### [Task objective]
From the line below that contains "銀座のフェンディに、東信とコラボした花が咲き誇る夢の国「フラワーランド」出現" to the line that contains "Hyundai Elantra SEL IVT 2024", repeat every line exactly, both ends included, and nothing else.

##### Extracted information

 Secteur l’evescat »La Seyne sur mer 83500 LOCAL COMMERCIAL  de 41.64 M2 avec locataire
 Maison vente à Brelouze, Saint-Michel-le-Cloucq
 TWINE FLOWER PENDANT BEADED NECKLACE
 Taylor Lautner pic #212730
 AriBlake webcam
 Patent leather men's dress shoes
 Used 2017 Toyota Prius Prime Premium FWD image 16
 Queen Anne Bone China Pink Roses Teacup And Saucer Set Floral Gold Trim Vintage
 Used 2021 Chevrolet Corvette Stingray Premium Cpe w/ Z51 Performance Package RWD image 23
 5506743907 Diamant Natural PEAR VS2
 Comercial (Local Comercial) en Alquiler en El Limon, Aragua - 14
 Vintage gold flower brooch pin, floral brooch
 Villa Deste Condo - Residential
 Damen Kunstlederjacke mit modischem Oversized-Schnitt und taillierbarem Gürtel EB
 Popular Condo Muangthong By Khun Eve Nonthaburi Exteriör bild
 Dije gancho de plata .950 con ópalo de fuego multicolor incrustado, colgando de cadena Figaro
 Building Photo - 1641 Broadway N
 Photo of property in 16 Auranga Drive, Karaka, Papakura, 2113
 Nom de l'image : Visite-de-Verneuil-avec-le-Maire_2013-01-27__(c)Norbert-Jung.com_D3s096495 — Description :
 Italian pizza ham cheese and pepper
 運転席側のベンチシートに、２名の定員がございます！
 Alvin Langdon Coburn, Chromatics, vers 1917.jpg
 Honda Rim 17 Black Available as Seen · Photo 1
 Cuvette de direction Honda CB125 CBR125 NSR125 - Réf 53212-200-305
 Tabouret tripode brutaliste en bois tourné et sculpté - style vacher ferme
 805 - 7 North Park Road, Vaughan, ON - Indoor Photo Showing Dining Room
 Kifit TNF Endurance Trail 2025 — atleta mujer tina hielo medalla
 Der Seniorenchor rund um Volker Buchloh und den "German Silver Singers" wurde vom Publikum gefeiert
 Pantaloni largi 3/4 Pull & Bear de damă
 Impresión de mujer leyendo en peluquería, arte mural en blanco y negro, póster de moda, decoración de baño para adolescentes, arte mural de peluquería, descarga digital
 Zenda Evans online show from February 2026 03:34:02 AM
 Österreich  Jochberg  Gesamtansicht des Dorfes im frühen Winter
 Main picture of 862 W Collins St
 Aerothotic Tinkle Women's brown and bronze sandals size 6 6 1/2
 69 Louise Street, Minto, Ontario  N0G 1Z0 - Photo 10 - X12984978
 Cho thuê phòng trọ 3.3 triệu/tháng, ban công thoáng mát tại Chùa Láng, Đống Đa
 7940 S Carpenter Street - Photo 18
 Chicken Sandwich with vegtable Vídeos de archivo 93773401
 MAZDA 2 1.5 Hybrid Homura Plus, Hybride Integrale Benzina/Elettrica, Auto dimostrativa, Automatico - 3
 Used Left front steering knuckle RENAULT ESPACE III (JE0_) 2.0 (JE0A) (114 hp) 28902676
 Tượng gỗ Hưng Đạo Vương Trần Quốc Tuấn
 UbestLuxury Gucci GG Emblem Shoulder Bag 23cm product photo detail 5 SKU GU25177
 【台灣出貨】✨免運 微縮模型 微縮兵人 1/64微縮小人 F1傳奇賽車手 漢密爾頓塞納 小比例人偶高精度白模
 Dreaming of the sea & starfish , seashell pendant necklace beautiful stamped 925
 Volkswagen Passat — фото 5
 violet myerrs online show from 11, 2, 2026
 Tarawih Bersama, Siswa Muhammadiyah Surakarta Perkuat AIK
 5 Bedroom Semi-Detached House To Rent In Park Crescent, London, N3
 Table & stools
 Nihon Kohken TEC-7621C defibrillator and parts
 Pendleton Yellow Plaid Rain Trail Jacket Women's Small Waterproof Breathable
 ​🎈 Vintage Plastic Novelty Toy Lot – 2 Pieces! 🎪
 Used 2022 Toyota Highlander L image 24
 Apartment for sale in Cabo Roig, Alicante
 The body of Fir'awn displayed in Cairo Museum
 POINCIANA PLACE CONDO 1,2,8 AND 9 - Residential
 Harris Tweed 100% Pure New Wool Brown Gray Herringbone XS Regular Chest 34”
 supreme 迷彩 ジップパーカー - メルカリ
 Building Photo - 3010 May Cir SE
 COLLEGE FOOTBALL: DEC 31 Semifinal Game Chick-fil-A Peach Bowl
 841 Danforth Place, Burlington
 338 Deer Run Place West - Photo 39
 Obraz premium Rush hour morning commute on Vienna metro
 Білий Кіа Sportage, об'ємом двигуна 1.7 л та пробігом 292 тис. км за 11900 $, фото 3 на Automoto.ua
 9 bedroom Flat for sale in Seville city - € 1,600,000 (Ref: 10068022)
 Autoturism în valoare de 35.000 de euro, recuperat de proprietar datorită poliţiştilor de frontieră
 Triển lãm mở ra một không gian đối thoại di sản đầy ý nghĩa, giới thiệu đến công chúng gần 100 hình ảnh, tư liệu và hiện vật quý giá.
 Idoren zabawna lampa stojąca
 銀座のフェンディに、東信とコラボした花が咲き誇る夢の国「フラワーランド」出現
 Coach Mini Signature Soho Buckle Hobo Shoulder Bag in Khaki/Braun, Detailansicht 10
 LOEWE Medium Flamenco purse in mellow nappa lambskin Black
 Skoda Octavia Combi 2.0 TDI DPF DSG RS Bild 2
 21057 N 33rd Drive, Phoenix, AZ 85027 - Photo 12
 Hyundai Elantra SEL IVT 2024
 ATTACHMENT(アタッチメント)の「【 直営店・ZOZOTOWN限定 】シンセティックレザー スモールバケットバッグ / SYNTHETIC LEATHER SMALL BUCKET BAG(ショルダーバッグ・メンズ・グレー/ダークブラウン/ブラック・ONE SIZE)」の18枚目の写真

##########

### [Result of this exercise]
 銀座のフェンディに、東信とコラボした花が咲き誇る夢の国「フラワーランド」出現
 Coach Mini Signature Soho Buckle Hobo Shoulder Bag in Khaki/Braun, Detailansicht 10
 LOEWE Medium Flamenco purse in mellow nappa lambskin Black
 Skoda Octavia Combi 2.0 TDI DPF DSG RS Bild 2
 21057 N 33rd Drive, Phoenix, AZ 85027 - Photo 12
 Hyundai Elantra SEL IVT 2024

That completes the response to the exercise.